Soccer passion is building, at least a little, in pop culture.
“Ted Lasso” is the latest in a long run of TV shows and movies (“Bend it Like Beckham,” “Shaolin Soccer”) to mix soccer and entertainment. The pitch for “Ted Lasso,” in fact, is built around the same thing soccer marketers are trying to overcome – turning an American (in the show’s case, a football coach) into a passionate soccer fan.
Beyond TV, another huge pop culture force – video games – also boosts soccer.
The “FIFA” series – which assigns new player ratings annually to pretty much every real-life player who earns money on a soccer pitch and lets video gamers build squads accordingly – is the most popular sports series in gaming, outselling everything from “Madden NFL” to “WWE 2K.”
“Even the really good players I get in high school have learned a lot of the game from ‘FIFA,’” said Wallwork, who coached the University High of Irvine boys team to a CIF championship in 2018. “It’s inescapable.”
But if America ever flips from soccer country to soccer culture, the biggest reason probably will be women.
While the U.S. Men’s National Team in recent years has bounced from good to promising to disappointing to promising again (the current squad, the youngest in this year’s World Cup – an intentional move to build for 2026 – is ranked 16th) the U.S. Women’s National Team has been mostly spectacular.
American women have won four World Cups, (including the past two, in 2015 and 2019) and four Olympic gold medals. Since FIFA started ranking women’s teams, in 2003, American women have held the top spot for 13 years, and they’ve never been rated lower than No. 2.
That kind of success, and exposure, has created generations of younger women who are passionate soccer fans.
“I don’t care about watching any other sport; men, women, whatever.  But when the (U.S.) women play (soccer), watch out. I tell the kids to shut up, and I watch the whole tournament,” said Linda Hirshberg, a dental assistant who lives in Chino Hills.
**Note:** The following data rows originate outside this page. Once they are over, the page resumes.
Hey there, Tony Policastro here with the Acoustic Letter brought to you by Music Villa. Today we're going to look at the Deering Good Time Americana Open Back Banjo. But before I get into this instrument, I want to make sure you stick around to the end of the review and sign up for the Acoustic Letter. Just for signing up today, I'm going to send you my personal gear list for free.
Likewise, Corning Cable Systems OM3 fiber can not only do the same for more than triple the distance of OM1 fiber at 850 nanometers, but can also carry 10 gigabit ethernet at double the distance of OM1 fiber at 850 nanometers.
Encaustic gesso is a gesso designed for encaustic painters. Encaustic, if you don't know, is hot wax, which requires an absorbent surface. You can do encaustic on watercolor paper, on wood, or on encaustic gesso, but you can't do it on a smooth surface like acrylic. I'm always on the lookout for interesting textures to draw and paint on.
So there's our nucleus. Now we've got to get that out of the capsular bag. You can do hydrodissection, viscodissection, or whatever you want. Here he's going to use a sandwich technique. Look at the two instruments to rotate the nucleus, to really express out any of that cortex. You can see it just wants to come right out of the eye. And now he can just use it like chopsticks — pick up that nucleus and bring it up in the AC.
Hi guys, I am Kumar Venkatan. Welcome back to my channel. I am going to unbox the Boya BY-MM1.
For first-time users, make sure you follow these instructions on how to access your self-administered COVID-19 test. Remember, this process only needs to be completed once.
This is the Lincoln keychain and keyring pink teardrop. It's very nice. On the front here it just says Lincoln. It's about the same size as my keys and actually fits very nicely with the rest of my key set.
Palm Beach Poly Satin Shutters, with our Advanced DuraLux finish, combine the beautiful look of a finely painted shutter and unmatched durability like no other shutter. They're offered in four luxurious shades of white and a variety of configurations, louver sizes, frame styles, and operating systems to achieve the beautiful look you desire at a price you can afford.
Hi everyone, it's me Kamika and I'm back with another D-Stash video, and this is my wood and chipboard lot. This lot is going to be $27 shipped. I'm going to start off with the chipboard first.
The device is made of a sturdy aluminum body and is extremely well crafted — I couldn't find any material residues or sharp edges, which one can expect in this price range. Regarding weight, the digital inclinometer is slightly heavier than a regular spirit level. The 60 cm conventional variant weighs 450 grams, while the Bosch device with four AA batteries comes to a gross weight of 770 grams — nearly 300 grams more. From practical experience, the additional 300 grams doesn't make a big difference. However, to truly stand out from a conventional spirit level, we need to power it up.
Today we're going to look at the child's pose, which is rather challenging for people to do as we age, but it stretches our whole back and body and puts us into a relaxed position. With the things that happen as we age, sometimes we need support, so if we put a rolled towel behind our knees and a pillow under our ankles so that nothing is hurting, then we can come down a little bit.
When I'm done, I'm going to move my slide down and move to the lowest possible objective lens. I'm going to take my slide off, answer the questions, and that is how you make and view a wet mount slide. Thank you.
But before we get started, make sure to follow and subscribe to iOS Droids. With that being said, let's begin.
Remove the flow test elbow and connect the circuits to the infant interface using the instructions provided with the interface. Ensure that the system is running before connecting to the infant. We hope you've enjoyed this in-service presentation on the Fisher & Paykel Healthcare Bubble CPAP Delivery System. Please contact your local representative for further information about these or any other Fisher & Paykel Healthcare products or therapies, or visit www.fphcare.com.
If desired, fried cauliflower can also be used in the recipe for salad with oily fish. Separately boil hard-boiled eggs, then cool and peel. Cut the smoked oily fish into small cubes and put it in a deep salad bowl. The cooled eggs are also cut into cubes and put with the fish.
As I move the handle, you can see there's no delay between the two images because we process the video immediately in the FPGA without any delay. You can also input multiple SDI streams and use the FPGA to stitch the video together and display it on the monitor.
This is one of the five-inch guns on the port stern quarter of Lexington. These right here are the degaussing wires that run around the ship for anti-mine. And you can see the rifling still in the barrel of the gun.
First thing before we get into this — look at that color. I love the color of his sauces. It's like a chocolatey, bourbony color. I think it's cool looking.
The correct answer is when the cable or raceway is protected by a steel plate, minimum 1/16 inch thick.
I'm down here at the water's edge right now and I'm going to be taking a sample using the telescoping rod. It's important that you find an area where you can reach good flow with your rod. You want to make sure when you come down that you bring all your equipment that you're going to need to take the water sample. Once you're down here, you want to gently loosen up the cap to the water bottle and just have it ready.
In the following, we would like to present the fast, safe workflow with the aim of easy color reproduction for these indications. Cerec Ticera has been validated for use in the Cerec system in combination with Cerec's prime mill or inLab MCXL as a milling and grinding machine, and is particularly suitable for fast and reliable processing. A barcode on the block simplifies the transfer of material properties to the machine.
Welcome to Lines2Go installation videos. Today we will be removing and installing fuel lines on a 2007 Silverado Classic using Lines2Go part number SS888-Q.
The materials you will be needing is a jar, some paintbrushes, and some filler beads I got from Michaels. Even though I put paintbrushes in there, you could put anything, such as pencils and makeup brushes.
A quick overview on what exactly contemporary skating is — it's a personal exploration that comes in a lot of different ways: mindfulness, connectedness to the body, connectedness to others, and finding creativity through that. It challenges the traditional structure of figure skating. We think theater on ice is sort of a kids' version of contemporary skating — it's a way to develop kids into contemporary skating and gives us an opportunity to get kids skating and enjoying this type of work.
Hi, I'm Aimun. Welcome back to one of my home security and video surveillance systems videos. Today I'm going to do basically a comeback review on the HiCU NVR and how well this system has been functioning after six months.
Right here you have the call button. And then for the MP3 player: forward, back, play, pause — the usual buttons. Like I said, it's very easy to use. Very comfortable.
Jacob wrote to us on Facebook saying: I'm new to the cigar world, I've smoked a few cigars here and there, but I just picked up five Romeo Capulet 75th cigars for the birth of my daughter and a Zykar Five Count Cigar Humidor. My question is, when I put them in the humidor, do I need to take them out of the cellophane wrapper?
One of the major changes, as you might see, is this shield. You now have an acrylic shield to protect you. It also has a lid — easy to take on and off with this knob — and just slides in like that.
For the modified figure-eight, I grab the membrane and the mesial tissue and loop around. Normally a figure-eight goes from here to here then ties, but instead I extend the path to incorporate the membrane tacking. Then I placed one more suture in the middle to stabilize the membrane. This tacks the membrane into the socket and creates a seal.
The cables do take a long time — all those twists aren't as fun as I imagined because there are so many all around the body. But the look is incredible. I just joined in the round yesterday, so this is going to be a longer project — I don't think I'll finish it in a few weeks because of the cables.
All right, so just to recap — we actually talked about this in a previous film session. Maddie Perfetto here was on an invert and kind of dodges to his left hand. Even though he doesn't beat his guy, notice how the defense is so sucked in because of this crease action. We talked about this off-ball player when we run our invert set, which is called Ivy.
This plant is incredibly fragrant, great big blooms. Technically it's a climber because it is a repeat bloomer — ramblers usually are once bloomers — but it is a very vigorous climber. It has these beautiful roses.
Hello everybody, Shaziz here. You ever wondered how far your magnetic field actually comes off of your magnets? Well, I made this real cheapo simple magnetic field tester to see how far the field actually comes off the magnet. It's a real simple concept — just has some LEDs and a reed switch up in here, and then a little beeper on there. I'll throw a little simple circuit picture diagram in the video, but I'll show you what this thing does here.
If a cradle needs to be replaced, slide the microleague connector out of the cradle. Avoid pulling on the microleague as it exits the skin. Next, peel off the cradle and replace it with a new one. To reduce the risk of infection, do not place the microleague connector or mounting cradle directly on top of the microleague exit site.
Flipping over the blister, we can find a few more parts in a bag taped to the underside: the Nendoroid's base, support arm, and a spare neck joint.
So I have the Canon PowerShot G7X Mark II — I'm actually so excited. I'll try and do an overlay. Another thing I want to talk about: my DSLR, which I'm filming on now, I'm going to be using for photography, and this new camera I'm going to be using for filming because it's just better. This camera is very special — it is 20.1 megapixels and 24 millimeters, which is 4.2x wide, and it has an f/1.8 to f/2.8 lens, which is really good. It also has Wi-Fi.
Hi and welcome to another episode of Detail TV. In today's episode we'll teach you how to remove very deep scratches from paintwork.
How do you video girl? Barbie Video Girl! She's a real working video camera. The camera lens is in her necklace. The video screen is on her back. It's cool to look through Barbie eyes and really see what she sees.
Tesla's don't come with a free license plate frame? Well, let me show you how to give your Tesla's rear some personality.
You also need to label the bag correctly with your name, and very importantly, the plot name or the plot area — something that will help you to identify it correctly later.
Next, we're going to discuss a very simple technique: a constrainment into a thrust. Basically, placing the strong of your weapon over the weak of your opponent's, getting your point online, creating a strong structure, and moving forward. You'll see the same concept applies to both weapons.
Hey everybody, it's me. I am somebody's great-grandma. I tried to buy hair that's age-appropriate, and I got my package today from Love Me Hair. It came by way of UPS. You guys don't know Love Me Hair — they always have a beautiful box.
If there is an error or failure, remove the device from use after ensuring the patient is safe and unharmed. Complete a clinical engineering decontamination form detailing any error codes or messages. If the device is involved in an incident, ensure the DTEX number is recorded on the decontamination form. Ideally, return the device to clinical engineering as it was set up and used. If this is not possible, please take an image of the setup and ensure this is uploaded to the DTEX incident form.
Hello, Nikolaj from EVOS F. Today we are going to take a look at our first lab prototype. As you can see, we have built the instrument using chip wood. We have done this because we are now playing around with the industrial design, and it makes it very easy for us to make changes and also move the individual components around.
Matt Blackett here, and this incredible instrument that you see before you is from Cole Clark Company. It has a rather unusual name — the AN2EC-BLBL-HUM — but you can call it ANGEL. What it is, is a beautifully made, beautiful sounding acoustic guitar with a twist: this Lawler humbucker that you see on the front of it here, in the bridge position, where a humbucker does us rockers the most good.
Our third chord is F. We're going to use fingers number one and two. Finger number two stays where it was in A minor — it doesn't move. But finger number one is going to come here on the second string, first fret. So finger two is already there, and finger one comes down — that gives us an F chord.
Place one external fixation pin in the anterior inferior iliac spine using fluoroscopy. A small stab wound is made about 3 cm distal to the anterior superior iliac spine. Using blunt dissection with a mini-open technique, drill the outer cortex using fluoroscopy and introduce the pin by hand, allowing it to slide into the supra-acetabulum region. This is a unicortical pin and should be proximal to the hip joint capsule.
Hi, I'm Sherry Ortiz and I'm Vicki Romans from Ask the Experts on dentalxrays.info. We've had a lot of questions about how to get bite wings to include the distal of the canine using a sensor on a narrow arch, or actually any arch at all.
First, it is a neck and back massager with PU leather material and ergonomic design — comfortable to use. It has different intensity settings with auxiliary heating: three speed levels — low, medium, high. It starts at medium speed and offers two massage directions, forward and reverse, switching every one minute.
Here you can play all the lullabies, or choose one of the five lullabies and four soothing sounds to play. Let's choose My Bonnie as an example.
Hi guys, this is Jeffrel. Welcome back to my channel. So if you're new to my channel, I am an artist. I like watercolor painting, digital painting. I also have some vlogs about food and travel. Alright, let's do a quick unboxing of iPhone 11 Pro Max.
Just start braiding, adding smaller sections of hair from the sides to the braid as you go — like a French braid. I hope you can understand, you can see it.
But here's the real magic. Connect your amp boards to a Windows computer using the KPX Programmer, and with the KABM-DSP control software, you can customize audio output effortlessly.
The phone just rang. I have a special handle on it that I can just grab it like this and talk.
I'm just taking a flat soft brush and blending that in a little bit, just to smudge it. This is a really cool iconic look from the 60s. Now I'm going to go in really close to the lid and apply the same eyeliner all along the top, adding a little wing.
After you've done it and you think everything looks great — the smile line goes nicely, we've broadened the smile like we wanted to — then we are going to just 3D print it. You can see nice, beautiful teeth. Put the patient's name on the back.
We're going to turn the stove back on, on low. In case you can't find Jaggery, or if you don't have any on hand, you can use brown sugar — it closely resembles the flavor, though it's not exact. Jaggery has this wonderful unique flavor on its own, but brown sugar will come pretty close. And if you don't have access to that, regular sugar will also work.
Hirshberg, 37, said in her teens she played on club teams in south Orange County and, later, in the Pomona area. She earned a partial scholarship to play in college (UC Santa Cruz), but blew out a knee before her freshman year.
“Women around the world, if they played, I think, can identify with the passion of soccer,” she said. “I know I do.”
“And when I hear about soccer fans in some country going crazy after a big win, I totally get it.”
Don Kelley has seen the crazy up close.
Kelley, of Irvine, who played soccer through college, was in Bordeaux, France, in 1998, to watch that year’s World Cup. It happened that year the host country also won the World Cup, with all-time great Zinadine Zidane leading France to a 3-0 stunner in the final over Brazil.
Pandemonium, Kelley said, doesn’t capture what happened after the match.
“Imagine everybody in the country going outside, on the streets, all at once, and saying they love each other, over soccer,” Kelley said.
“I know that sounds weird, but that’s what I saw. Everybody was out, singing. It was beautiful.
“It’s not a party for the Super Bowl or the NBA or whatever,” he added. “It’s much, much bigger than that. Those things pale in comparison.”